I've been a very satisfied Bianca owner for almost a year now, paired it with a new Mazzer Major recently, enjoying every drop of coffee it makes!

My machine turns on at 5AM and stays on till 9PM (both boilers). In that time period I usually pull about 3-5 double shots and steam milk alongside, plus steam some milk for the kid's hot chocolate as well twice a day.

I am wondering though, am I abusing the machine by keeping it on all the time? Does someone have the facts:

From the perspective of *machine longevity*
1.1 Is it better to have the machine ON all day or turn it ON when needed and then OFF several times a day?
1.2 Alternatively, does having it on Eco mode as a compromise have any downsides. 
1.3 What parts might be under most abuse in each of these three scenarios?

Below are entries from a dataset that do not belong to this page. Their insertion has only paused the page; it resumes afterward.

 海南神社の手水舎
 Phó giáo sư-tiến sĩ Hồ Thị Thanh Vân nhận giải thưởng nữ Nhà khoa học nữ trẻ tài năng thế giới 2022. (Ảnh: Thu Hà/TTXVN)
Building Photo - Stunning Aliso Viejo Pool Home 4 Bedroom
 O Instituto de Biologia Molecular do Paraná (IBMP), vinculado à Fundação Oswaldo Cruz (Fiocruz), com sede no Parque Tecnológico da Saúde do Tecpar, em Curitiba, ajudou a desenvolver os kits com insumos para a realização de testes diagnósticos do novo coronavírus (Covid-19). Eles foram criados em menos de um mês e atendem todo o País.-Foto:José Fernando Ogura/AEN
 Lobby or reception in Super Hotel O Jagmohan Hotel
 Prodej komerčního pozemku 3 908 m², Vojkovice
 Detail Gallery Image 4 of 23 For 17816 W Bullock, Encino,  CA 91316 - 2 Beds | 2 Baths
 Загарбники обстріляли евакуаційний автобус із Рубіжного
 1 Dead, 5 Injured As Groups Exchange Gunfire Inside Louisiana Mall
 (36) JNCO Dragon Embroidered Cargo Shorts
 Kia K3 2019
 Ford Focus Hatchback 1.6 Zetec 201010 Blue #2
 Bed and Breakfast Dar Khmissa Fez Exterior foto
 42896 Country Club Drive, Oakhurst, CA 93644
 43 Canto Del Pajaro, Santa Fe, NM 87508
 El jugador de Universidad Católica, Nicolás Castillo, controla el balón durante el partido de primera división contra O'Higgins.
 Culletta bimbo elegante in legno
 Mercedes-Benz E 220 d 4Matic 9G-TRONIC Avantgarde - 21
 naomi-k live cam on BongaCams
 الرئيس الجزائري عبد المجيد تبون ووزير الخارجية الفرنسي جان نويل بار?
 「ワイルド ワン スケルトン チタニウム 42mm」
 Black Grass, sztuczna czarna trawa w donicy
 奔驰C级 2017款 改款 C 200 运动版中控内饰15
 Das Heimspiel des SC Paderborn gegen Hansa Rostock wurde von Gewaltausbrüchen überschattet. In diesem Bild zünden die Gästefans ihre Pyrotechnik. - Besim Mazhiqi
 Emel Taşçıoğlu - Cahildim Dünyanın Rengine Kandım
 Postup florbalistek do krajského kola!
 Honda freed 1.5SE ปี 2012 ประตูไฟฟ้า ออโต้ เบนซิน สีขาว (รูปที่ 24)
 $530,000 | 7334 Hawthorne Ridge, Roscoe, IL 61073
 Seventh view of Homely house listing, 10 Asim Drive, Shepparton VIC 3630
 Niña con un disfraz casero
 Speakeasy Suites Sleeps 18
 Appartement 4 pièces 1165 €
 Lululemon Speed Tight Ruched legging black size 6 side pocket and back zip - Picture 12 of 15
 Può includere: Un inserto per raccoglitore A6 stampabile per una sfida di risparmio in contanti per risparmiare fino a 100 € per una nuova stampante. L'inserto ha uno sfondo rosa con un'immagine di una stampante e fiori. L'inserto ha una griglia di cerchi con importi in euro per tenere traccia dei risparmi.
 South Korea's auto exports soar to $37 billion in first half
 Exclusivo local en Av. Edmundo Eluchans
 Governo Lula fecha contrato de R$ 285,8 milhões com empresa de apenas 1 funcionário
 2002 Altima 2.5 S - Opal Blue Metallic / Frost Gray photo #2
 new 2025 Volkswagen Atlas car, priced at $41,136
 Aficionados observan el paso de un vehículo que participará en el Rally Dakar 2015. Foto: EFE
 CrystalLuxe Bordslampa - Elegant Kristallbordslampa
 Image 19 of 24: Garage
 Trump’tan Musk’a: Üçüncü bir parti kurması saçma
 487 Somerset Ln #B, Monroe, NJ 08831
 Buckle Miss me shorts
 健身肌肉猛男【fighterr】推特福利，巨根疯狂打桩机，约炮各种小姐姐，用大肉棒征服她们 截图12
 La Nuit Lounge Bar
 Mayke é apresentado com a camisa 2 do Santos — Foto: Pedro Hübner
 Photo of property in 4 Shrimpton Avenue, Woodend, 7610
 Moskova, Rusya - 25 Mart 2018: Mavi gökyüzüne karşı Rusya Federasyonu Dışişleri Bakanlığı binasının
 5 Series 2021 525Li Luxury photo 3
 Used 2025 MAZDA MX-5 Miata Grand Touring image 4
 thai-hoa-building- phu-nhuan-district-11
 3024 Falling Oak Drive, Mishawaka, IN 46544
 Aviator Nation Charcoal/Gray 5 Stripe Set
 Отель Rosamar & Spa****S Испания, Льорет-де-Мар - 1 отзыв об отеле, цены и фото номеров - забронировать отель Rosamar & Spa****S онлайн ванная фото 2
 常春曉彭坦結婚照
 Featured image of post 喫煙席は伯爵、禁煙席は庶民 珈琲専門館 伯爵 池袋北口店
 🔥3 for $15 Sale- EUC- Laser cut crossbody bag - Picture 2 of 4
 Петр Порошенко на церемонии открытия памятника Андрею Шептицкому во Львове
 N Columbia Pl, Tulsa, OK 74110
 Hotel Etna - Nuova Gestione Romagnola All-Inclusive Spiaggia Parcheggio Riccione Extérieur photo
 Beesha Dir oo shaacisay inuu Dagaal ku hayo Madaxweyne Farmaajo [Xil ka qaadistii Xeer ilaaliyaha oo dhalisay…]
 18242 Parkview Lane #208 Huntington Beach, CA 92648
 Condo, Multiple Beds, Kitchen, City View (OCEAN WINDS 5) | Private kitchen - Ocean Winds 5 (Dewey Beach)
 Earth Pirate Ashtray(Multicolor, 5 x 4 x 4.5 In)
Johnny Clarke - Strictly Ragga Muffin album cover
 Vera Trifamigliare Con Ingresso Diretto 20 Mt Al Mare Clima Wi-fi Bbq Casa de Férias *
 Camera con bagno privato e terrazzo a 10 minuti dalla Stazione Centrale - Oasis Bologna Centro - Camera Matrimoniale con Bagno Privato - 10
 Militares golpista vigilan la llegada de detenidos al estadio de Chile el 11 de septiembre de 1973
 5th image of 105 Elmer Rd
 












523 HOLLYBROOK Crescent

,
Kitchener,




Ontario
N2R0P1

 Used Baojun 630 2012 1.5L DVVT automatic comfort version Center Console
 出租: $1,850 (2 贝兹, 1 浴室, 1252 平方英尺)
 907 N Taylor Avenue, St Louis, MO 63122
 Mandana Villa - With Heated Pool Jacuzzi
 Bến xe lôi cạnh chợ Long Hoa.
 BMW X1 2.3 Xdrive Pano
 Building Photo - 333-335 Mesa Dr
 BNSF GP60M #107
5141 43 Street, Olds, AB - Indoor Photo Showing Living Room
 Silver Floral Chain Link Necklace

From the perspective of *power usage*
2.1 does having it ON all day use more power than turning it ON when needed and then OFF several times a day?
2.1 How does Eco mode fare in this regard (always need both boilers).

3. What is the highest temperature the boiler should be set at. It originally came set on 120 C, but since it felt a bit weak I have it on 125 C (resulting in around 2.3 bars of pressure)?

Thanx!


----------



## Lanceloz (8 mo ago)

Hi, these are excellent questions. I just got my Bianca V2 and I am asking myself to very same. 

Do you turn on the machine every morning manually?

I added a manual timer to my electricity outlet and I've connected the Bianca on it. I have set the timer to turn on automatically every morning at 7 a.m. and turn off automatically at 10pm. I leave the switch depressed on the Bianca and as a result every morning at 7 a.m. to machine turns on. Which saves me the 25 minutes I would need to wait if I were to push the button every morning. 

Hopefully it does not conflict in any way with the machine.


----------